I really don’t have time for this. I’ve discovered the olive tree has leaned away from a towering Italian pine and has pushed up against our mailbox and broken through one corner rendering our mail wet when it rains. I’m going to affix a post to the existing post and move the mailbox over about one foot. Then I’ll restrain all the wood making the project look properly finished and of course we can then enjoy our life knowing the olive tree may now harmlessly continue growing as trees are wont to do.
Near bliss state perhaps just an edible— you choose
This is how it is how has always been and will always be. I thought when Sears folded so would much of the rest of all this nonsense, but no that isn’t true at all, nature abhors a vacuum and all the tools required to keep all that open and free time on your calendar fully crammed with otherwise thankless tasks and idiotic fixes to things you would not miss for one single second. If you can prove me wrong you’ve much too much time on your hands and need to get an untrained puppy and begin at the beginning.

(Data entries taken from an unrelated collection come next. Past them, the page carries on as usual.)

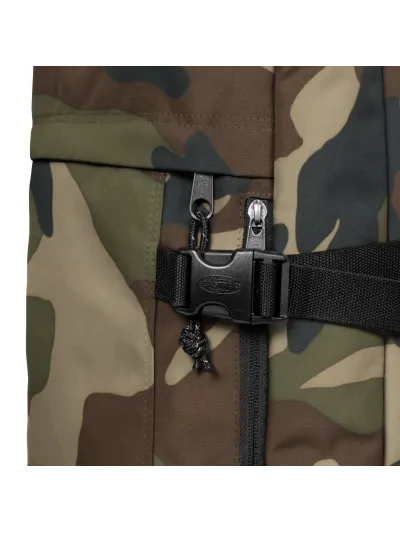 Eastpak - TRAVELPACK / Camo - Uniszex Hátizsák / Bőrönd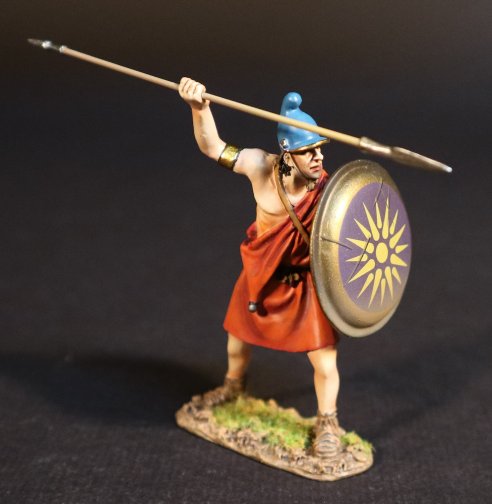 Macedonian Hypaspist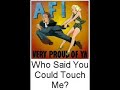 AFI, Who Said You Could Touch Me?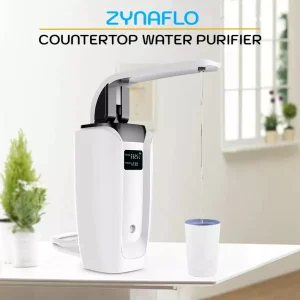 ZYNAFLO Faucet Water Purifier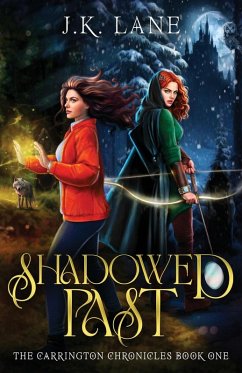 Cover Shadowed Past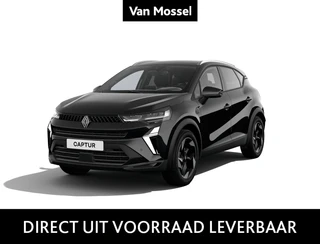 Renault Captur Techno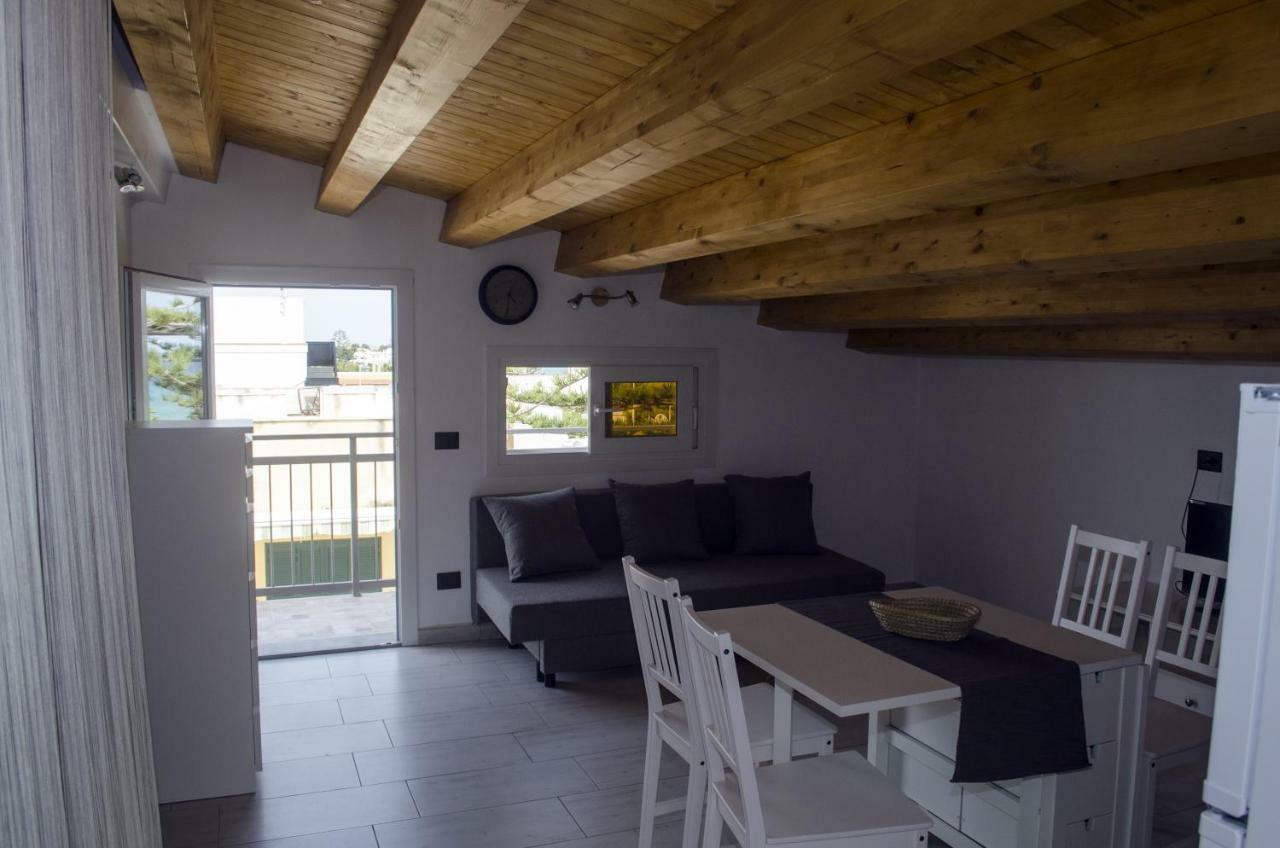 Ansise Apartments Lido di Noto Eksteriør bilde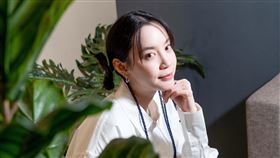 林辰唏、程予希接受《三立新聞網》專訪。（圖／記者趙于瑩攝影）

Casting my fate to the wind I confronted the last most credible year of my life— I had turned out to be a 29-year-old cornered by a demanding profession, the quest to find success in show business had left all matters large and small, both onstage and off devoured by the rapacious appetite of my most insecure self. Drowning in my own shallowness turned into trying to repurpose my time— I tossed a life preserver to my foundering soul and signed up for sailing lessons. I had no clue if this was even something I would like.
Outbound into the Alliance
Lessons were taught in a classroom and on an 18’ sloop rigged keelboat. After passing all the tests both on the water and off, I was qualified to charter a boat— I could go sailing on my own. Sailing solo seemed to matter— listening to the wind, feeling the direction of the breeze on my ears, making visceral contact, relearning how to be present without suffocating my feelings with words— to see and sail by my wits with the wind.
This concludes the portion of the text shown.